The Hungry Bear review

With some friends every month we try a new restaurant. This month was my birthday choice and Without hesitation I suggested the hungry Bear in Meanwood. We’re 7 months into this now and the list of places to visit next seems to increase rather than decrease. We have savoured the tender steaks of Blackhouse, recovered from too much sangria at El Bareto, been offended in la grillade and broke a chair in Kendal’s bistro (I assume through the sheer weight gained that evening). The Hungry Bear still managed to stand out from the rest.

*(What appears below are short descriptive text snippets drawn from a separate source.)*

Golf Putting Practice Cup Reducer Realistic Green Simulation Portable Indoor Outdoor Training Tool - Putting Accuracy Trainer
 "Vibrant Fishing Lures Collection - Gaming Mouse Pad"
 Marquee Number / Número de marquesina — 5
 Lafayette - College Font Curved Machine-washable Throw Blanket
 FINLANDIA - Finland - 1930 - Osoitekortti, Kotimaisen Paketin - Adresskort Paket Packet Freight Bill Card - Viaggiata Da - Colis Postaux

After a pint of Ilkley brewery’s Mary Jane at East of Arcadia we headed to The Hungry Bear on a rare sunny Sunday afternoon. The restaurant is unique, making it’s own ales on site with plenty in the pipeline. Serving modern British Cuisine, you’ll have a task to decide what to go for. The starter menu proved the biggest challenge featuring home smoked salmon, scallops with chorizo, smoked duck salad and mushroom and tarragon pate. I plumped for the confit chicken and black pudding terrine. The starter set the tone for the rest of the meal, hearty British flavours with care on ingredients and an attention to detail.  A fennel laden, sweet onion chutney cut through the rich, fatty terrine. My only criticism here and of the food full stop was slightly too much orange which at times over powered a brilliant dish. I was lucky enough to also try the smoked duck which balanced brilliantly with the crisp salad, well worth having.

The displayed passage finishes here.